The Nerves were an American power pop trio formed in 1974 and based in Los Angeles, California featuring guitarist Jack Lee, bassist Peter Case, and drummer Paul Collins.  All three members composed songs and sang.  They managed an international tour in the U.S. and Canada, including dates with The Ramones, and performances for the troops as part of the United Services Organization (USO).

Career
The Nerves lasted a short time and self-released one self-titled four-song EP in 1976, featuring the songs "Hanging on the Telephone" (Lee), "When You Find Out" (Case), "Give Me Some Time" (Lee), and "Working Too Hard" (Collins).  In addition to being the drummer, Paul Collins was also the trio's manager and did most of the bookings and promotion. The Nerves' EP was distributed by independent Bomp! Records and officially re-released on CD and vinyl by Alive Records in 2008, followed by a second release of The Breakaways, an album of post-Nerves recordings made by Collins and Case prior to the formation of Collins' group The Beat.

Despite their limited lifespan and discography, The Nerves remain notable for many reasons.  They were the founding vanguard of the Los Angeles  punk and pop scenes that eventually produced The Knack, The Beat and The Plimsouls.  After The Nerves' break-up, Case and Collins formed The Breakaways with Pat Stengl, a group that would have an even shorter lifespan than The Nerves.  Thereafter, however, Case and Collins went on to front more notable groups, The Plimsouls (who had a Billboard Top 100 hit with "A Million Miles Away") and The Beat, respectively.  But perhaps the most notable legacy of the group is the song "Hanging on the Telephone": Blondie later covered the song on their album Parallel Lines and turned it into a UK top 5 hit, and thanks to Blondie's success, the song has become something of a standard, later re-done by groups as diverse as L7, Def Leppard, Cat Power (whose version was featured in Cingular commercials in 2006), and Hep Alien, Lane Kim's fictional band on dramedy The Gilmore Girls.  While it is likely some of these artists are unaware of the original Nerves version, others were also from Los Angeles and what was, at the time, its small underground music scene and would be able to reference the original.  Blondie included a second Lee composition on Parallel Lines, "Will Anything Happen?"  Lee also went on to write a hit for Paul Young, "Come Back and Stay".
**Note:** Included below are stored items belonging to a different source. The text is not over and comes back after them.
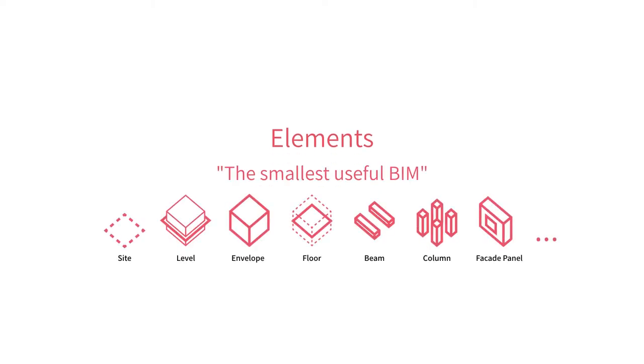It's a library and schema for consistently and flexibly describing the systems and objects that make up the built environment. These are a few of the element types we support, but more are getting added all the time.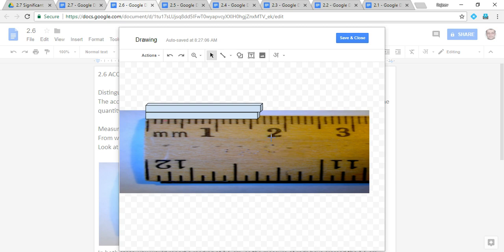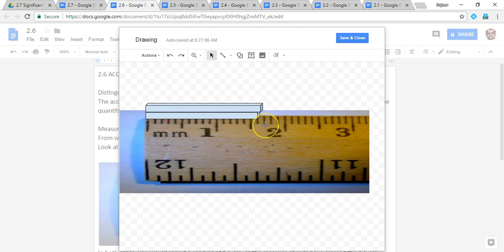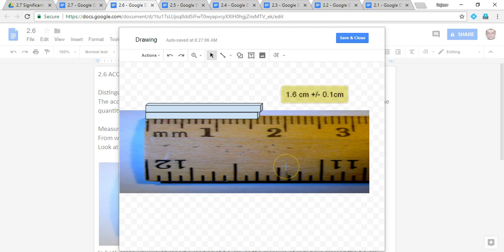The measurement of these two rods is between 1.6 and 1.7. We will say the rods are of 1.6 with an error or uncertainty of 0.1, and the reading will be reported as 1.6 centimeter plus minus 0.1 centimeter.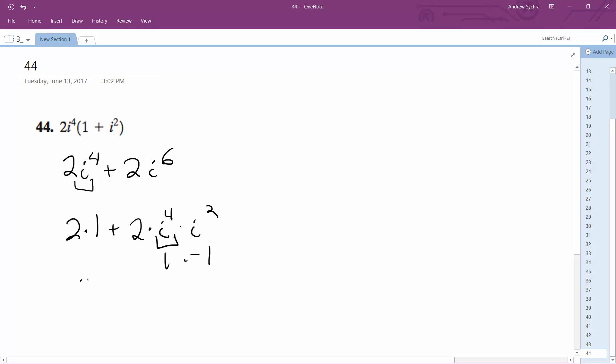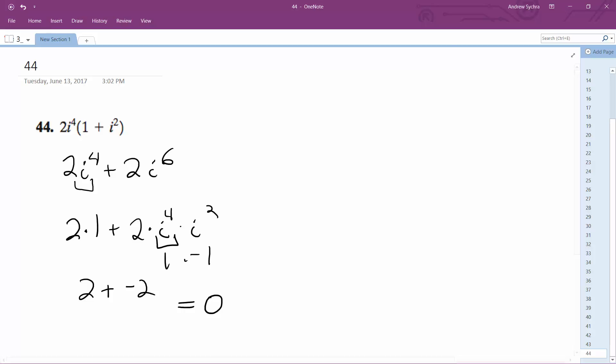So what we end up with is two plus negative two, which is equal to zero. That's it.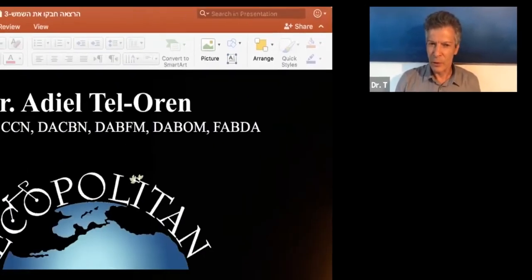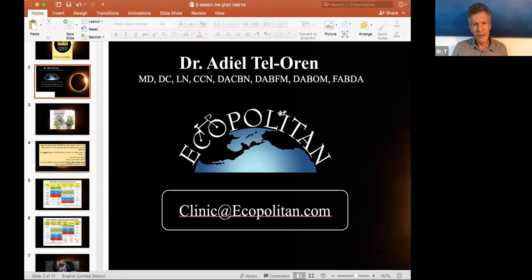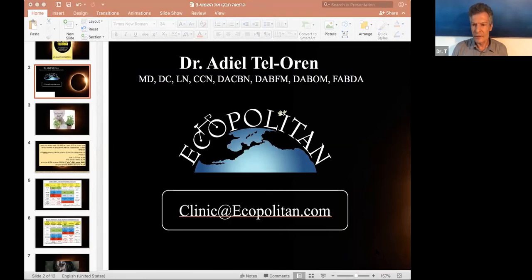Tonight we have Dr. Adil Tel-Oren, basically known as Dr. T. He's done many things throughout the world. He's a renowned health pioneer, inventor, focusing on natural principles. He's an educator, physician, university professor, holistic scientist, and humanitarian. Welcome, Dr. T.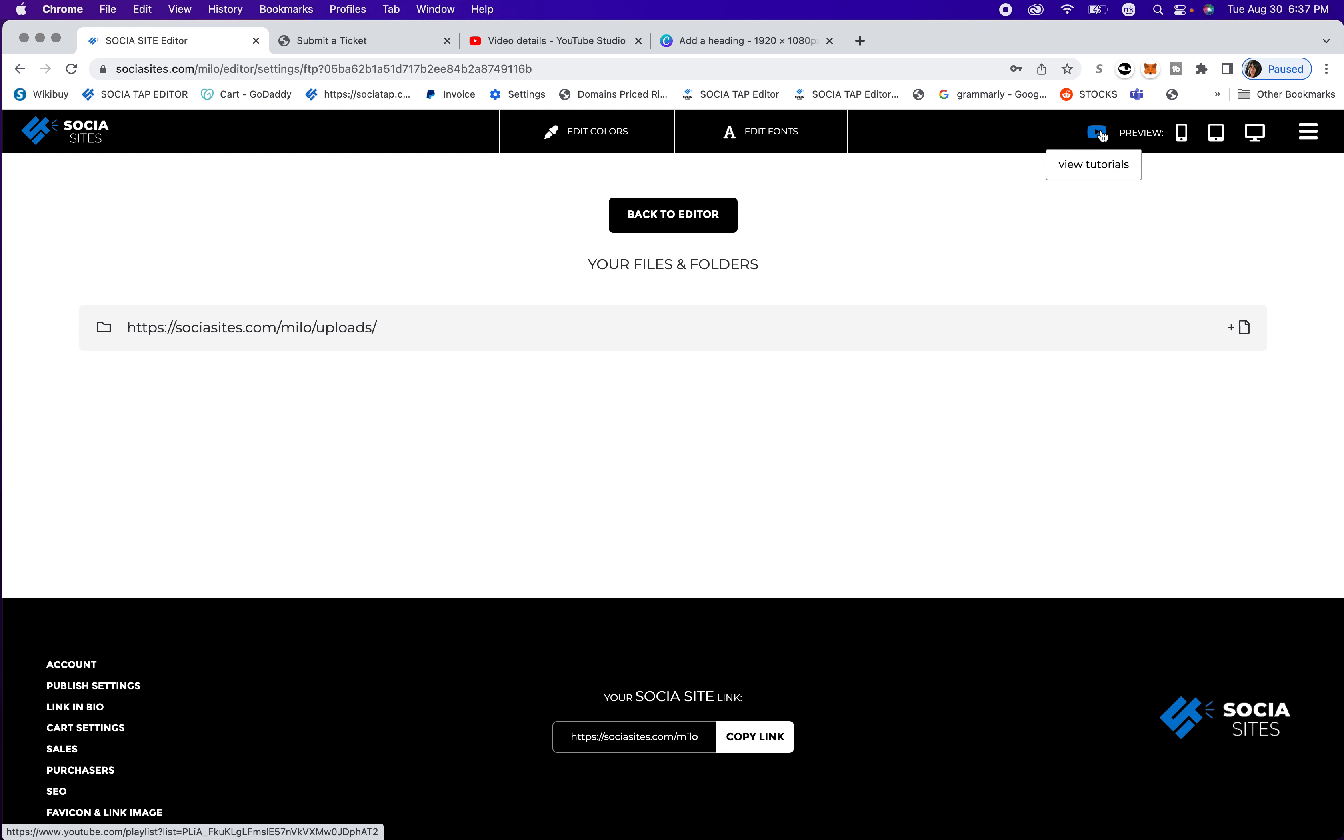And hopefully after all of this information, you just find it super easy to use social sites. I think we have one of the best editors. Okay, have a great day.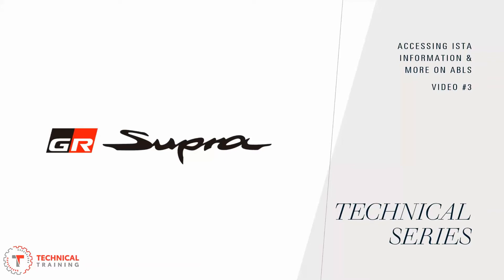Welcome to video number three in the Toyota Super Technical Series. In this video we're going to be looking at accessing ISTA information without a vehicle present and looking more into ABLs.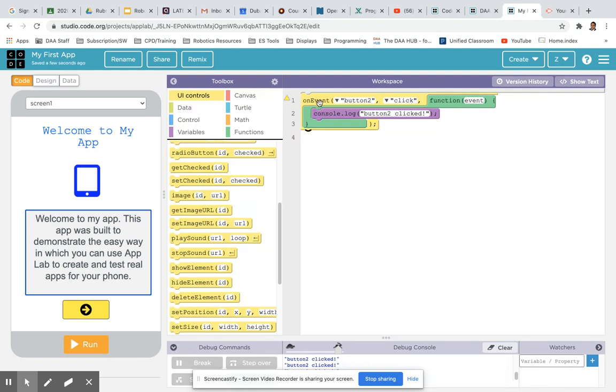So we've inserted an event. We can just see in the code view this is an event related to button 2 when it is clicked, and then follow on from that the sequence of events that takes place. Now at the minute, the only thing that's happening is it's logging some text in the console at the bottom which says button 2 has been clicked.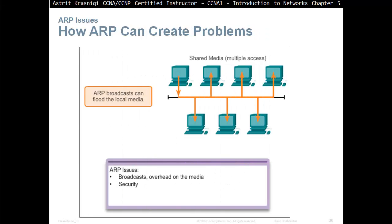How ARP can create problems: because it uses broadcast, when you send an ARP message asking who has IP address 10.1.1.1, everybody on the LAN hears it — mobile phones, IP phones, every device. This causes too much broadcast overhead on the local area network. There is also a security risk: because ARP blindly asks who has a given address, if an intruder responds claiming to be that device, packets will be forwarded to the intruder instead.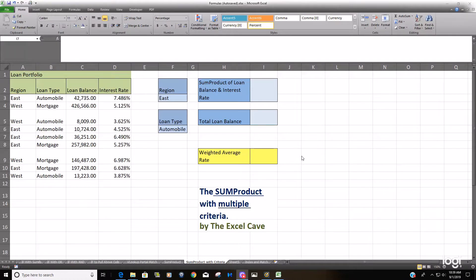Hello and welcome to the Excel Cave. Today we're going to talk about the SUMPRODUCT formula with multiple criteria.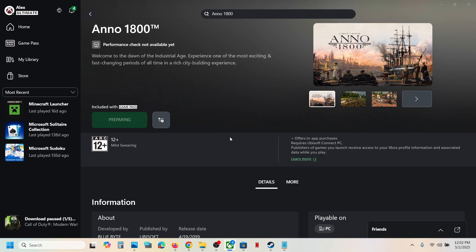Now if you receive a User Account Control prompt, click on yes to allow.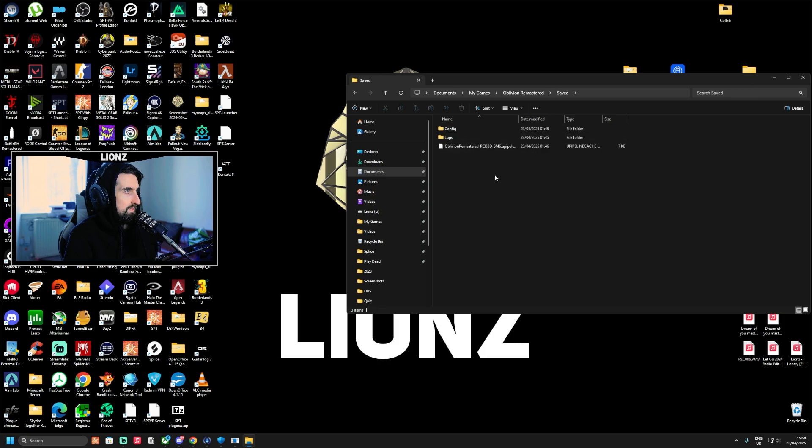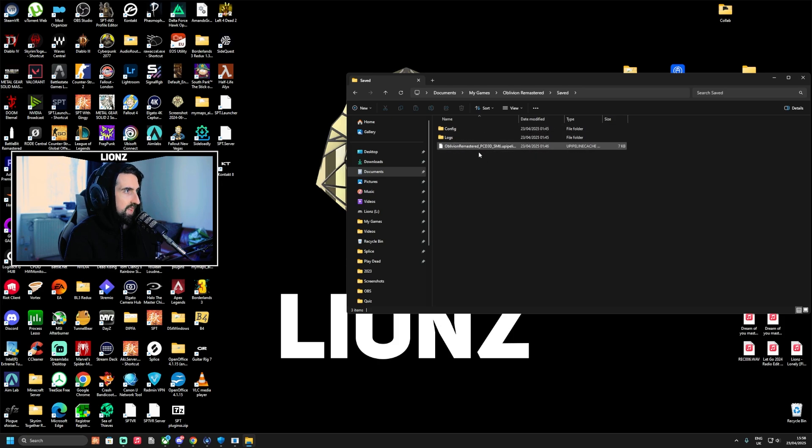And then that's it, you're done. You don't have to do anything with these files. This is just proving that it works, that it saves the game here.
"Hanging on the Telephone" and "When You Find Out" were later released on a 1993 Rhino Records power-pop compilation, DIY: Come Out and Play - American Power Pop I (1975-1978), which Allmusic gave a five star review.  The Nerves also appeared on the album's cover.  More recently, Rhino included an unreleased Nerves track, Case's "One-Way Ticket", on the 2005 compilation Children of Nuggets: Original Artyfacts from the Second Psychedelic Era, 1976–1995, a sequel to their Nuggets: Original Artyfacts from the First Psychedelic Era, 1965-1968 compilations.

In 2008, Alive Records released One Way Ticket, a CD compilation of the remastered tracks of the Nerves' original EP, along with demos and other previously unreleased material. Following the success of The Nerves' CD reissue, Alive Records released The Breakaways, an album of post-Nerves recordings featuring Collins and Case prior to the formation of The Beat.

In 2011, the American rock band Green Day launched the American Idiot Broadway Musical Production. On any night that an original cast member left the show, they included a live rendition of the song "Walking Out On Love," which was written by Paul Collins. The song was previously recorded by The Nerves, The Breakaways and The Beat. At the end of the musical's run, The Paul Collins Beat joined Green Day on-stage for live performances in New York.

Reunion tribute
In spring 2012, Case and Collins announced a reunion tour paying tribute to their bands The Nerves, The Breakaways, The Beat and The Plimsouls. The band line-up for the Collins and Case tour was augmented by members of The Paul Collins Beat (Timm Buechler, bass, and Amos Pitsch, drums), offering audiences with a full-band electric showcase. The reunion was not billed as The Nerves, because Jack Lee chose not to be part of the tour. The tour included a date in Austin, Texas, where actor Bill Murray made a surprise appearance at the concert to introduce the band. Collins' group The Beat had previously appeared on the Caddyshack original motion picture soundtrack alongside Murray in 1979.

Collins was dismissed from the tour before its completion, due to personal differences.

The tour was followed by a tribute LP/cassette on Volar Records/I Hate Rock n Roll, entitled Under the Covers Vol. 2: A Tribute to Paul Collins, Peter Case, and Jack Lee, that included 18 bands, such as Grass Widow, Davila 666, Hunx and his Punx, Audacity, Tijuana Panthers, and the Mantles.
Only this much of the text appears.